When Steve Jobs announced the iPhone 10 years ago he was able to boldly proclaim that it was going to revolutionize how we interact with technology because he understood one thing about successful tools, they have to be easy to use. The user interface on the iPhone was intuitive enough that almost anybody could pick it up and use it. It only took a few years before everyone on earth had a similar smart phone in their pocket.

Sims will be even more intuitive because all you’ll have to do is talk to them. Everyone from monks on the foothills of Tibet to the President of the United States will have one. And it will be far more than just your personal assistant, it will effectively be your doctor, your lawyer, your accountant, your travel agent, your instant messenger, your source of news, and any other service that relies on passing information from one person to another.
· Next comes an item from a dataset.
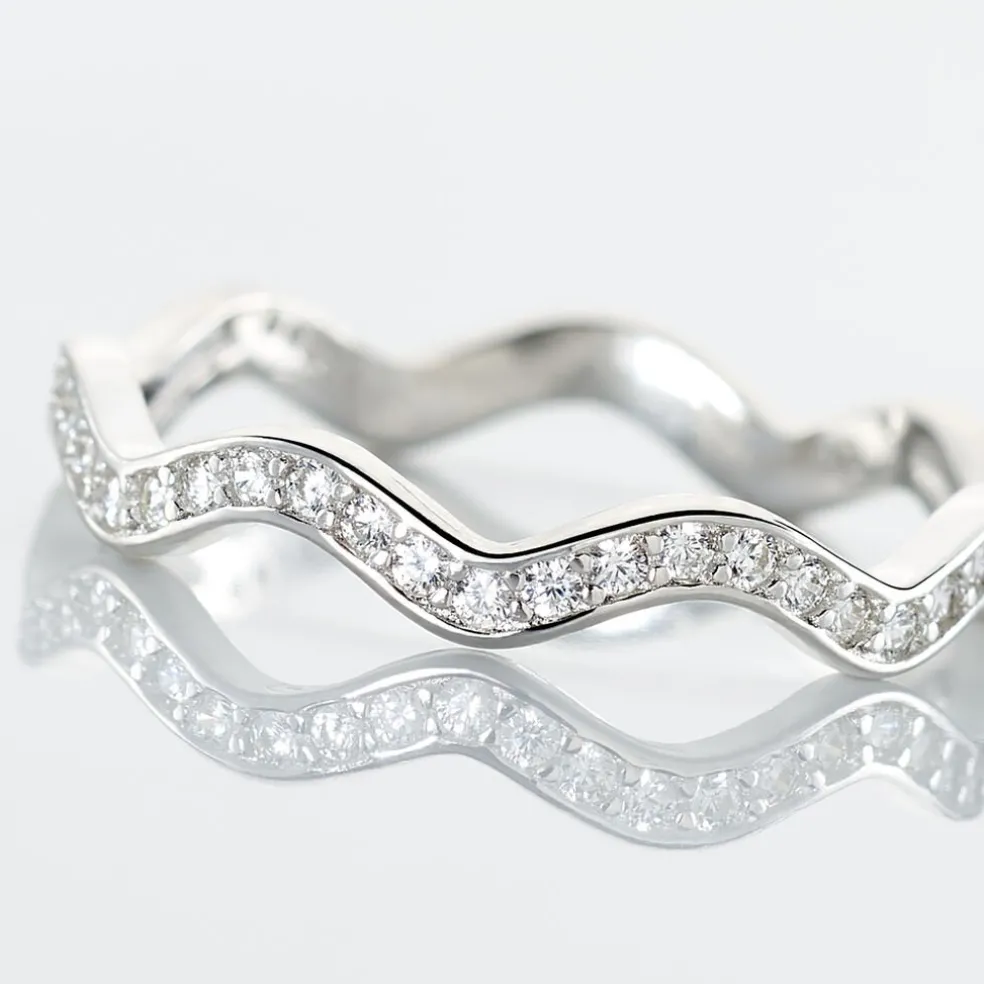 Bague Jasmyn Argent Blanc Oxyde De Zirconium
It will also be able to do much of your job for you, freeing up your time. However, depending on what you do, it won’t take long for your boss to realize that his or her own Sim can also do your job.

Most experts say we are anywhere from 5 to 10 years away from having the technology in place and another 2 or 3 years after that for them to become widely distributed.

For more listen to Norman Winarsky, co-founder of Siri.

3 comments

  1. Great piece Ben! Most folks still don’t recognize how important these will be, and how helpful it will be for each of us to have intuitive verbal and graphical controls over the private data our sims collect, the algorithms they use, and the public face we present to the world through our sims. Huge political and economic battles will revolve around them as they grow in usefulness. I expect there will be robust open source sims for those who don’t trust the major players with providing them. Of course, most folks will just go with proprietary solutions. Hopefully the leading players, like Google, will be particularly focused on growing public data with regular private consent, and general user empowerment. We shall see.